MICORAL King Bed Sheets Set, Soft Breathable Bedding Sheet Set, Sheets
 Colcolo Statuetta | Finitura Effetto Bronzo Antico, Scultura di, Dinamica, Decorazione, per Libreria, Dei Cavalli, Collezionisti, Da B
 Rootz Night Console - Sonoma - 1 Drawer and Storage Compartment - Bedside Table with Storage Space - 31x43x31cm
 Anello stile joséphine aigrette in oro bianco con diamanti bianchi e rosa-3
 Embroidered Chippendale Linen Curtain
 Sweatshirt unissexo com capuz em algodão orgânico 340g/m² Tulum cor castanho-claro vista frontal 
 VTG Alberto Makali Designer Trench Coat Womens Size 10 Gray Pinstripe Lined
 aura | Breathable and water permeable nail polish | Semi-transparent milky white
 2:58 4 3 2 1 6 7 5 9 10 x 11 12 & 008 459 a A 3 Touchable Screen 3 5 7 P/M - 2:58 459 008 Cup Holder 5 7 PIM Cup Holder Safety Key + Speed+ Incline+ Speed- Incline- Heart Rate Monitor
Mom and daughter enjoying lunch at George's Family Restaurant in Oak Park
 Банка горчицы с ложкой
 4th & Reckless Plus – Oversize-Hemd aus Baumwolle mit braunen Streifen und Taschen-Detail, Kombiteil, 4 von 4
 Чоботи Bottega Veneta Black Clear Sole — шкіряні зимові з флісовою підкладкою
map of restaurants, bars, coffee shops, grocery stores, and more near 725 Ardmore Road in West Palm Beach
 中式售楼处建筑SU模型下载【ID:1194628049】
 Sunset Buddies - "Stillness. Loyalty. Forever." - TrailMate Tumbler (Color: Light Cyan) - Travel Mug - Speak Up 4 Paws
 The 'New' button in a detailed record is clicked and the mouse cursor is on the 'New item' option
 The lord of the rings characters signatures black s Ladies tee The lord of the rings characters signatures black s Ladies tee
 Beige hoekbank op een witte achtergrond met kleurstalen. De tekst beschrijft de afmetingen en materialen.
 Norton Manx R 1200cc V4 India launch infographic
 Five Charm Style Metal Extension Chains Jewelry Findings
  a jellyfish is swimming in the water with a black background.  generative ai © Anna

^^^^^^^^

Could you reproduce exactly the lines of the entries above, from the one with "VTG Alberto Makali" through the one with "aura | Breathable", and nothing else?

Written answer:
 VTG Alberto Makali Designer Trench Coat Womens Size 10 Gray Pinstripe Lined
 aura | Breathable and water permeable nail polish | Semi-transparent milky white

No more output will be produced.